Figures and statistics were done in R Studio using packages dplyr, ggplot2 gridExtra, irr, ggpubr, and ROCR19. H&E images were edited for figures using FiJI20 and flow diagrams were created in Lucidchart (www.lucidchart.com). Descriptive statistics for all variables were performed. Non-parametric statistical tests were performed to compare the relationship between a quantitative variable among different categories of another variable. Unpaired Wilcoxon test was used to compare two different categories and Kruskal–Wallis test was used to compare multiple categories. Intra-observer agreement for different areas of different histological regions between pathologists’ and automated workflow was analyzed using the Intraclass Correlation Coefficient (ICC). Correlation plot analysis was performed using Spearman’s correlation test. Receiver Operating Characteristics (ROC) curve analysis was performed to evaluate the performances of the generalized linear models to predict the outcome after thymectomy. P values of <0.05 were considered statistically significant.

Results

EOMG and LOMG patients of the study cohort show common clinical features

A total of 83 NTMG patients were accepted for final analysis, and the characteristics of the patients are shown in Table 1. A total of 69 patients (83%) had EOMG and 14 (17%) LOMG, of which 63 (91%) and 4 (29%) were women, respectively. Seventy-five patients (90%) had generalized MG at the time of operation and 8 (10%) had ocular disease. Proportion of AChRAb positive patients did not differ between EOMG and LOMG (68% vs 71%). Thymic histopathology was statistically different between subgroups; thymic hyperplasia was detected in 74% of EOMG and 14% of LOMG patients (p = 0.001). Involuted thymus was considered as normal histology of the aging thymus. Mean follow-up time after thymectomy was 15 years (SD ± 9.2 y) for EOMG and 10 y (SD ± 4.7 y) for LOMG patients. There were no significant differences between EOMG and LOMG patients’ outcomes at two years follow up.

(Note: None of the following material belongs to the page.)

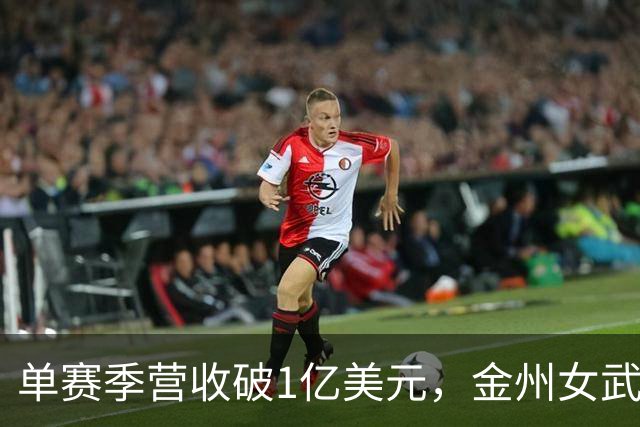 单赛季营收破1亿美元，金州女武神刷新女子球队历史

Table 1 Patient characteristics.

Digital pathology analysis using QuPath is reliable and effective

Analysis of H&E slides with automated workflow using QuPath performed similarly to manual annotation (Fig. 2a, b). The ICC values for “All tissue”, “Thymic tissue”, “Medulla”, “Cortex”, “Fat and stroma” were 0.845 (CI95% 0.55–0.931), 0.877 (CI95% 0.218–0.961), 0.602 (CI95% 0.147–0.802), 0.736 (CI95% 0.736–0.901), and 0.819 (CI95 0.725–0.884), respectively (Table 2).

Table 2 The Intraclass Correlation Coefficients (ICCs) of histological areas between two annotation methods, manual annotation and automated annotation using pixel classifiers.

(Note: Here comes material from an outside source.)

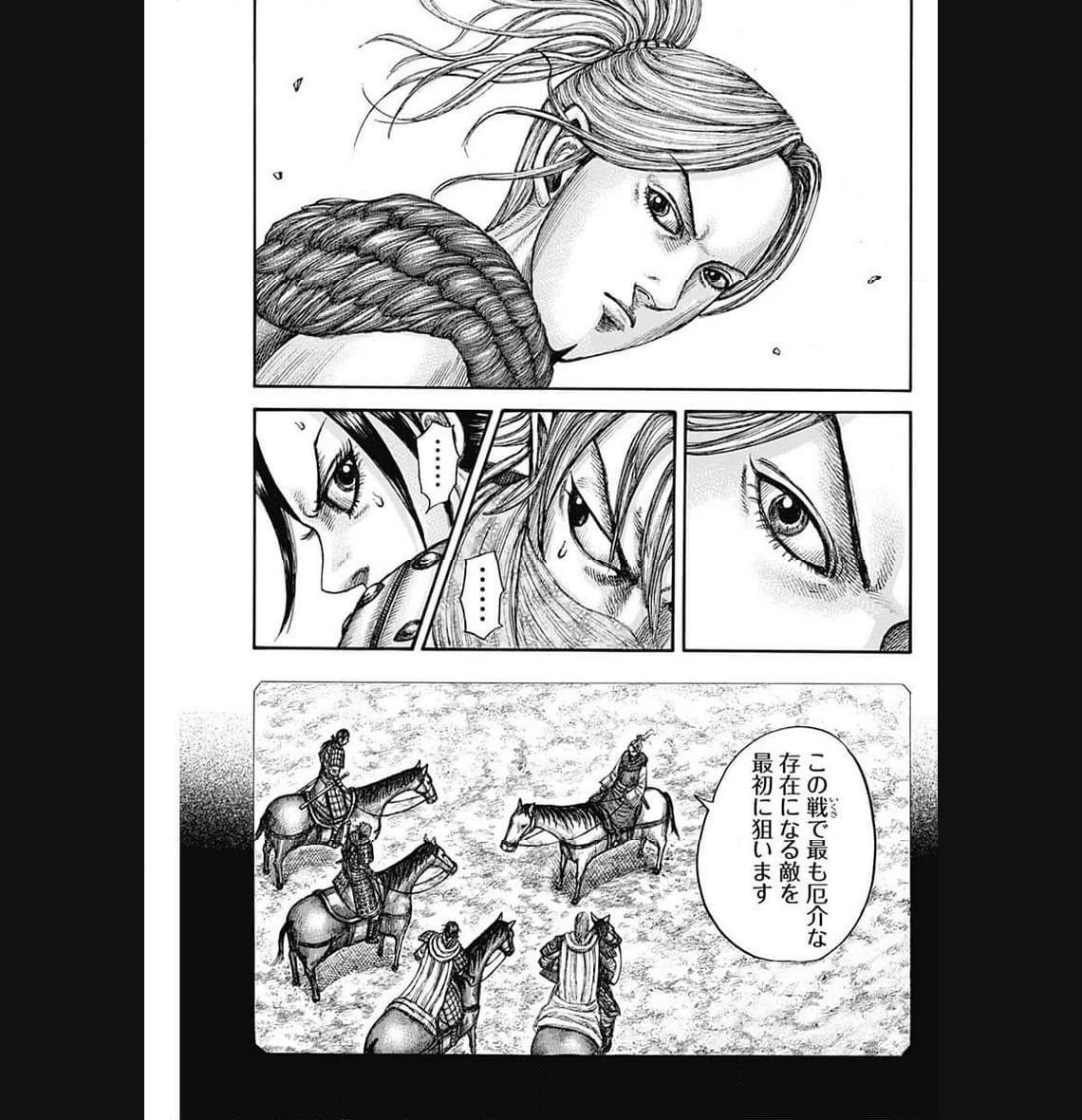 キングダム 第777話 - 17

On average, the pixel classifiers of automated workflow annotated the tissue areas stricter and hence found less tissue in every forementioned histological areas. The differences between manual annotation and automated classifications were statistically significant in “All tissue” (p = 0.045), “Thymic tissue” (p = 0.012), and “Cortex” (p = 0.0003) (Fig. 2b). Of note, different performances in “Cortex” could have been affected by red blood cells on cortical areas in a minority of samples, which machine learning-based pixel classifiers classified as stroma and the pathologist classified as cortex based on the ground truth.

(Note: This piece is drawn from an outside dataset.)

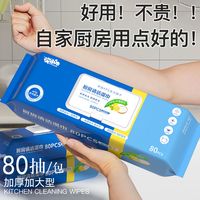 哎小巾 清洁去油污厨房湿巾纸大包油烟机灶台吸油纸巾湿巾家用一次性抹布1包80抽
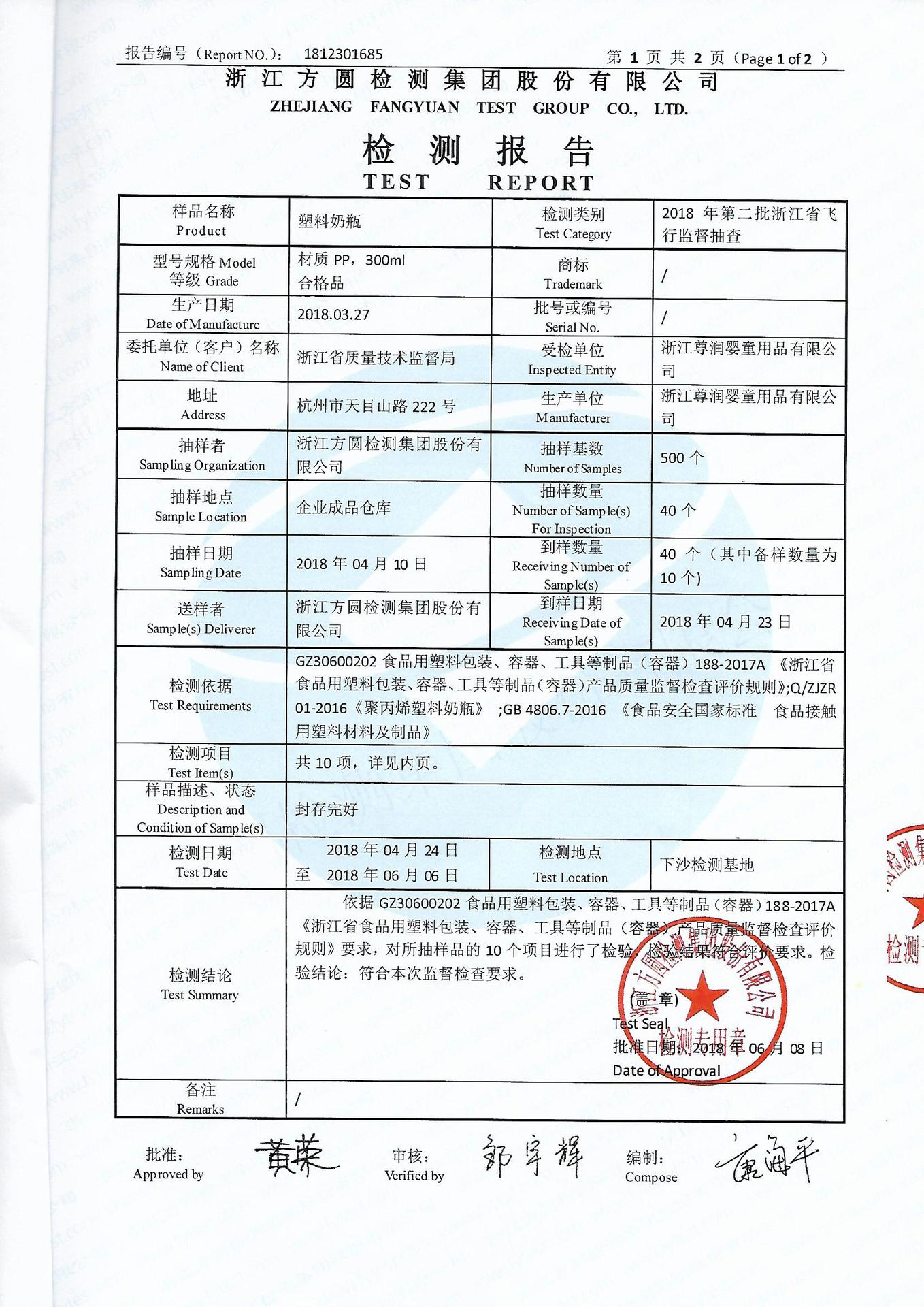 QQ图片20190315141604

Thymus histology in EOMG is different from LOMG

Total tissue area (“All tissue”) annotated per thymic section did not differ between the EOMG and LOMG groups. Pediatric samples had significantly smaller amounts of tissue in thymic sections than EOMG (p < 2.22e-16) and LOMG (p = 1.5e-12; Fig. S1A). These results from the smaller resection size and the different surgical techniques used to obtain the samples, i.e., MG thymi were collected from total thymectomies, while pediatric open heart surgery includes a partial thymectomy. Other histological areas are shown as percentages of total tissue per thymic section. As earlier shown with a more qualitative assay21, the quantitative digital pathology analysis confirmed that EOMG patients had more thymic (p = 8.7e-07), medullar (p = 2.8e-06), cortical (p = 4.7–06) and stromal tissue (p = 0.0094) and less fat (1.6e-06) compared to LOMG patients. The ratio of thymic tissue (medulla + cortex) to stroma and fat was 11 times lower in LOMG than EOMG thymi (p = 8.7e-07) which can be the result of normal age-related involution of the thymus (Fig. 3 and Fig. S1A). Medulla to cortex ratio did not differ between MG subtypes. Above mentioned main histological areas did not correlate with the outcomes after thymectomy at two years or at the last follow up visit (Fig. S1B, C).

Fig. 3: Thymic tissue is more prevalent in EOMG than LOMG.
figure 3

Area of medulla and cortex are shown as percentages of all tissue per sample. The ratio of thymic tissue to the combined area of stroma and fat is also shown. P values were calculated using Kruskal-Wallis test.

In pediatric control samples, the ratio of thymic tissue to stroma and fat was higher than in EOMG and LOMG samples. There was no statistical difference between pediatric and EOMG thymi in the percentage of medullary area (Fig. S1D).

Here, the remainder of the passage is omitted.